Building a baseline JIT for Lua automatically (2023)

tiffanyh · 2024-01-11T15:36:10.000000Z

FYI - Mike Pall is back working on LuaJIT.

And v3.0 is underway.

https://github.com/LuaJIT/LuaJIT/issues/1092

synergy20 · 2024-01-11T16:01:58.000000Z

this, best news for me for the day.

vardump · 2024-01-11T19:30:42.000000Z

Mike Pall is doing pretty amazing work. Lots of respect.

ngrilly · 2024-01-11T10:12:51.000000Z

It was a very interesting read, in the context of Python getting a copy-and-patch JIT compiler in the upcoming 3.13 release [1], to understand better the approach.

[1] https://tonybaloney.github.io/posts/python-gets-a-jit.html

dabber · 2024-01-11T11:12:17.000000Z

> It was a very interesting read, in the context of Python getting a copy-and-patch JIT compiler in the upcoming 3.13 release

Indeed! In fact, someone mentioned this article in the thread about the Python JIT from a few days ago:

https://news.ycombinator.com/item?id=38924826

ngrilly · 2024-01-11T13:04:39.000000Z

I missed that.

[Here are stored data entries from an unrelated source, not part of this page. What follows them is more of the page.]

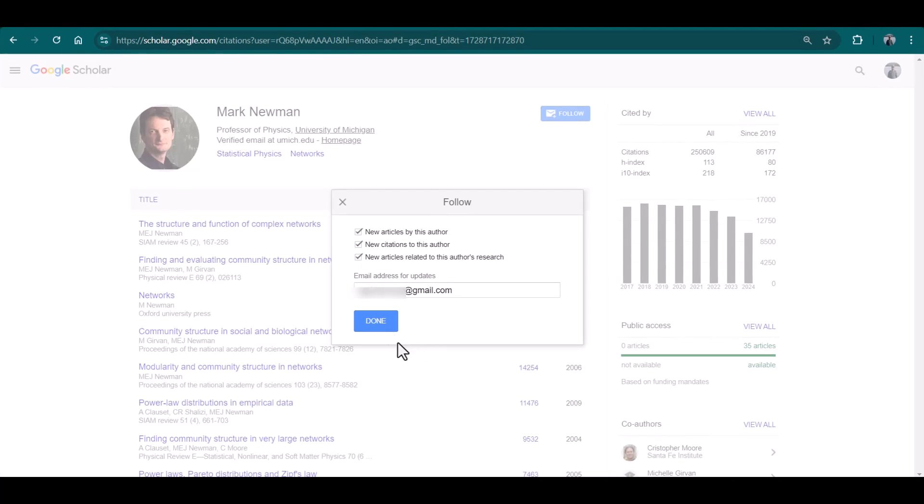So what will happen is, if there is any update regarding these three elements, you will get an automatic email from Google Scholar regarding that update, on your email address which is given here. This is how you can create alerts on Google Scholar. I hope this video will be helpful. Thanks for watching.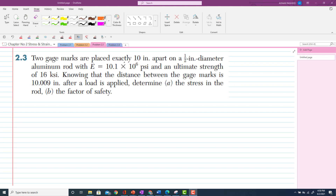The statement of problem 2.3: Two gauge marks are placed exactly 10 inches apart on a half-inch diameter aluminum rod with modulus of elasticity 10.1 × 10⁶ psi and an ultimate tensile strength of 16 ksi. Knowing that the distance between gauge marks is 10.009 inches after load is applied, determine the stress in the rod and the factor of safety.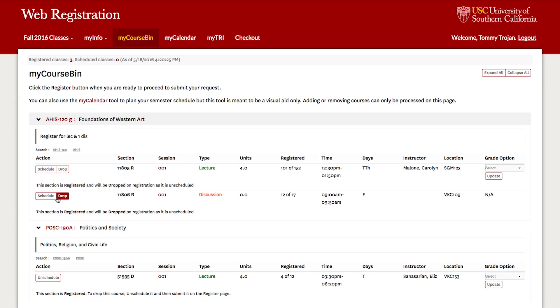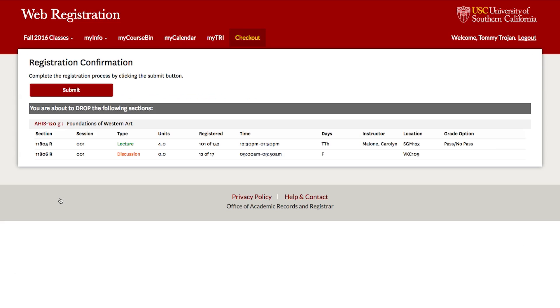Then, click on the Drop button. Finally, click on the Submit button.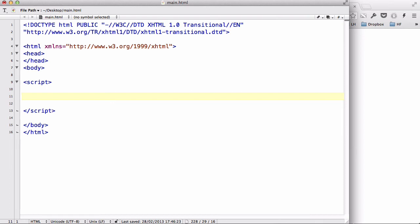Hey guys, in my last two videos we started looking at the two conditional statements: the if statement and the if-else statement. Now in this video we will be looking at multiple if statements — if, else-if — and if statements within an if statement.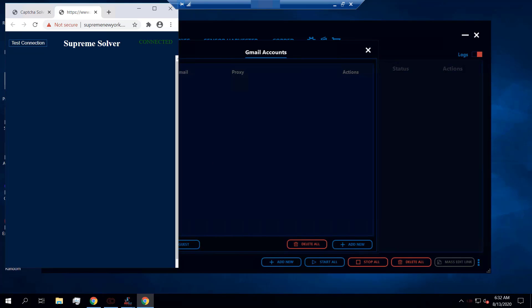You get a one-click whenever Google trusts your account — meaning if you've signed in with a Google account that has been around for some time and is used regularly, like your personal Gmail, there is a higher likelihood you'd get a one-click. Of course, if you have multiple tasks, the first one or two may get a one-click, but as you have many tasks the one-click goes away. Google starts suspecting why someone is solving so many CAPTCHAs at the same time, which is why we recommend having multiple CAPTCHA solvers for multiple tasks on sites like Supreme.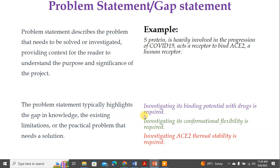For example, consider these gap statements: 'Investigating its binding potential with a drug is required,' 'Investigating its conformational flexibility is required,' and 'Investigating its thermal stability is required.' Each of these highlights a gap in knowledge. This is made easier because you already discussed what others have done in the literature study of the introduction section, so making the point about what is still required will not be difficult if you have covered that literature study — which requires reading papers related to your topic.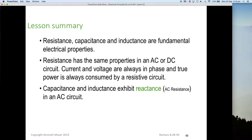Now let's summarize everything in lesson three — parts one through seven. Resistance, capacitance, and inductance are fundamental electrical properties. Resistance has the same properties in AC as in DC: current and voltage are always in phase, and true power is consumed. Only resistive circuits consume power — that's why it's called true power.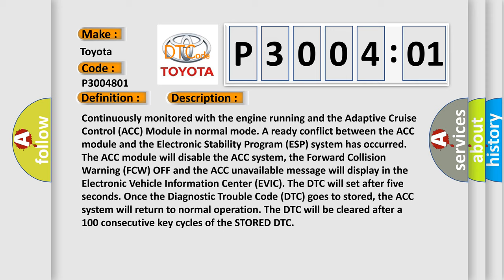Once the diagnostic trouble code DTC goes to stored, the ACC system will return to normal operation. The DTC will be cleared after 100 consecutive key cycles of the stored DTC.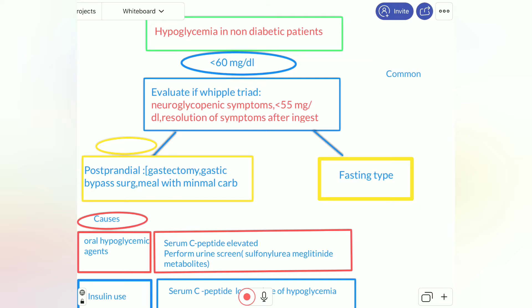We have hyperglycemia due to post-prandial and fasting types. We should know that fasting type usually does not need evaluation, but post-prandial is the common type and needs evaluation. Post-prandial hyperglycemia means hyperglycemia occurring about five hours after eating.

Thanks for the link!

summarity · 2024-01-11T09:04:02.000000Z

The last (interpreter only) version mentioned that neither GC nor modules were implemented. Did that change?

The JIT work is exciting but even more exciting would be a faster, fully featured interpreter for platforms with runtime code generation constraints (e.g. iOS) for integration into engines like Love

fwsgonzo · 2024-01-11T09:16:43.000000Z

There is already Luau if you need a sandbox. Neither Lua nor LuaJIT are sandboxes. There is also my libriscv project if you need a low latency sandbox, without JIT.

See: http://lua-users.org/lists/lua-l/2011-02/msg01582.html

I'm not sure what you mean by code generation constraints though.

summarity · 2024-01-11T10:37:47.000000Z

I haven't mentioned sandboxes and don't need them. As an example, Love integrates LuaJIT, but the JIT is disabled in i-platforms. As is mentioned by LuaJIT:

> Note: the JIT compiler is disabled for iOS, because regular iOS Apps are not allowed to generate code at runtime. You'll only get the performance of the LuaJIT interpreter on iOS. This is still faster than plain Lua, but much slower than the JIT compiler. Please complain to Apple, not me. Or use Android. :-p

So to return to my original comment, the improvement that I'm seeing here is a faster _interpreter_, which is something advertised on the luajit-remake repo.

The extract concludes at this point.